Living with the aftermath of Chernobyl

Chornobyl (also Chernobyl), site of the world’s worst nuclear accident, is one of the most radioactive areas on the planet.

According to an April 26, 2006 article in The Guardian, the fallout damage was roughly the equivalent of 400 Hiroshima nuclear bombs. 

When the core of reactor number four at the Chernobyl Nuclear Power Plant exploded on April 26, 1986  it caused fires, a nuclear meltdown, and sent out a radioactive cloud that blanketed Ukraine, Belarus, Scandinavia and Western Europe.

The official Soviet death toll was 31 people. However in reality, the actual toll is more likely in the area of 250,000 and rising.

Soviet authorities had hoped (and tried) to keep the world ignorant of the accident. However, word soon began to spread via amateur (HAM and shortwave) radio, confirming the source of the sudden and substantially increased amounts of radiation in the atmosphere.

The Chernobyl nuclear disaster drastically transformed the lives of thousands of people in Ukraine and Belarus. Even today, Ukraine continues to cope with the long-term health, economic and environmental consequences of this preventable disaster.

Ukrainian American writer and film-maker Irene Zabytko is the author of The Sky Unwashed, a novel about the the elderly people who insist on living, as they always have, in their homes in the Chornobyl Exclusion Zone, the highly irradiated 30 kilometer area surrounding the site of the 1986 explosion. (Available through Amazon.)

She has also spent several years documenting this tragedy on film, featuring their lives in a documentary film she is spearheading, called Life In The Dead Zone.

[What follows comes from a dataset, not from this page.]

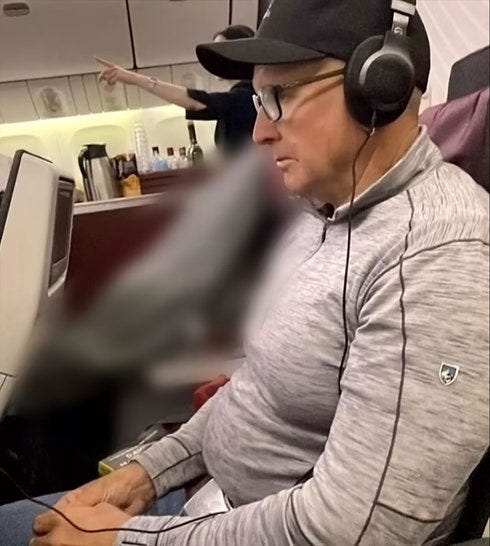 man sits by dead body on plane 1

Irene and her film crew at Wheat Street Productions, Inc. have already released an award-winning film short, Epiphany At Chornobyl, based on the soon-to-be-released documentary. Here's the trailer:

More information about the film can be found at the film's website.

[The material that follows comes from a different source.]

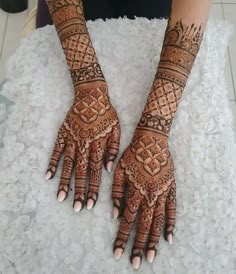 two hands with henna tattoos on them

Irene is still in need of funding to complete her project. Please consider supporting her efforts with a donation.

On May 1, 2011, Irene was a guest on Nash Holos Ukrainian Roots Radio. We talked about her film and her travels to the Chornobyl Dead Zone to research and shoot the film. You can listen to the interview here.

Today is the 26th anniversary of the Chernobyl nuclear disaster.

Human beings are not good at learning from the mistakes of the past. But at least on this day in history, once a year, let us not forget ... and let us not make light of the awful legacy it left behind.